Go through the data below and retype all of it exactly.

(Dataset entries)
────────────────────────────────────────

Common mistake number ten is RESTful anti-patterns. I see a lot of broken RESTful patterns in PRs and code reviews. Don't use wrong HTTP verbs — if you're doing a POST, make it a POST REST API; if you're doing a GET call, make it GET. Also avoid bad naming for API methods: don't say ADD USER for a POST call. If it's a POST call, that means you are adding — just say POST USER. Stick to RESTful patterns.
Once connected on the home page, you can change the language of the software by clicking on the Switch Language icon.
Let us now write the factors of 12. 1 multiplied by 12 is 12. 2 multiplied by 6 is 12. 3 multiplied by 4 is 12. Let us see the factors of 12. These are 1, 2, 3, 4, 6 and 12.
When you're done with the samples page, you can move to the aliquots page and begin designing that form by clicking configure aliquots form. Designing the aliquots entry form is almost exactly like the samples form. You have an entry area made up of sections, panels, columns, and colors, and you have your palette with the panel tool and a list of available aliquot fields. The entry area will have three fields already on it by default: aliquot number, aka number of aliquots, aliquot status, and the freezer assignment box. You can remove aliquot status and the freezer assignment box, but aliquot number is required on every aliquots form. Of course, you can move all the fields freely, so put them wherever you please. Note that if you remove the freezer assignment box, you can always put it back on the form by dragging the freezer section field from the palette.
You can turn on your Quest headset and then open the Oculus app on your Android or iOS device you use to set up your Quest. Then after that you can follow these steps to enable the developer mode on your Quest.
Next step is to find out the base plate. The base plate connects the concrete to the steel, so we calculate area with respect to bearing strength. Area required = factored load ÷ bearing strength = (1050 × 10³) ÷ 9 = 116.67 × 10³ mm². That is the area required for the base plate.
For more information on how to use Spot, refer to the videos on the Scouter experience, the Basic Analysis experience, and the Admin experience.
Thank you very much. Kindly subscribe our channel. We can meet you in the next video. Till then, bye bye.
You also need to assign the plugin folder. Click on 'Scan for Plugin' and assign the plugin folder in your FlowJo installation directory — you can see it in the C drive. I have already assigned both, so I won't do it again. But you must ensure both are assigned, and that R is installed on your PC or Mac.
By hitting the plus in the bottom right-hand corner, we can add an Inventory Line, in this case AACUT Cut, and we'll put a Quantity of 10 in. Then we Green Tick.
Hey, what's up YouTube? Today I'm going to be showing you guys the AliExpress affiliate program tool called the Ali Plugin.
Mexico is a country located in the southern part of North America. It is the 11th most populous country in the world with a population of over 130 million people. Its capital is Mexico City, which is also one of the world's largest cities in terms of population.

────────────────────────────────────────

◆ Problem solution
Common mistake number ten is RESTful anti-patterns. I see a lot of broken RESTful patterns in PRs and code reviews. Don't use wrong HTTP verbs — if you're doing a POST, make it a POST REST API; if you're doing a GET call, make it GET. Also avoid bad naming for API methods: don't say ADD USER for a POST call. If it's a POST call, that means you are adding — just say POST USER. Stick to RESTful patterns.
Once connected on the home page, you can change the language of the software by clicking on the Switch Language icon.
Let us now write the factors of 12. 1 multiplied by 12 is 12. 2 multiplied by 6 is 12. 3 multiplied by 4 is 12. Let us see the factors of 12. These are 1, 2, 3, 4, 6 and 12.
When you're done with the samples page, you can move to the aliquots page and begin designing that form by clicking configure aliquots form. Designing the aliquots entry form is almost exactly like the samples form. You have an entry area made up of sections, panels, columns, and colors, and you have your palette with the panel tool and a list of available aliquot fields. The entry area will have three fields already on it by default: aliquot number, aka number of aliquots, aliquot status, and the freezer assignment box. You can remove aliquot status and the freezer assignment box, but aliquot number is required on every aliquots form. Of course, you can move all the fields freely, so put them wherever you please. Note that if you remove the freezer assignment box, you can always put it back on the form by dragging the freezer section field from the palette.
You can turn on your Quest headset and then open the Oculus app on your Android or iOS device you use to set up your Quest. Then after that you can follow these steps to enable the developer mode on your Quest.
Next step is to find out the base plate. The base plate connects the concrete to the steel, so we calculate area with respect to bearing strength. Area required = factored load ÷ bearing strength = (1050 × 10³) ÷ 9 = 116.67 × 10³ mm². That is the area required for the base plate.
For more information on how to use Spot, refer to the videos on the Scouter experience, the Basic Analysis experience, and the Admin experience.
Thank you very much. Kindly subscribe our channel. We can meet you in the next video. Till then, bye bye.
You also need to assign the plugin folder. Click on 'Scan for Plugin' and assign the plugin folder in your FlowJo installation directory — you can see it in the C drive. I have already assigned both, so I won't do it again. But you must ensure both are assigned, and that R is installed on your PC or Mac.
By hitting the plus in the bottom right-hand corner, we can add an Inventory Line, in this case AACUT Cut, and we'll put a Quantity of 10 in. Then we Green Tick.
Hey, what's up YouTube? Today I'm going to be showing you guys the AliExpress affiliate program tool called the Ali Plugin.
Mexico is a country located in the southern part of North America. It is the 11th most populous country in the world with a population of over 130 million people. Its capital is Mexico City, which is also one of the world's largest cities in terms of population.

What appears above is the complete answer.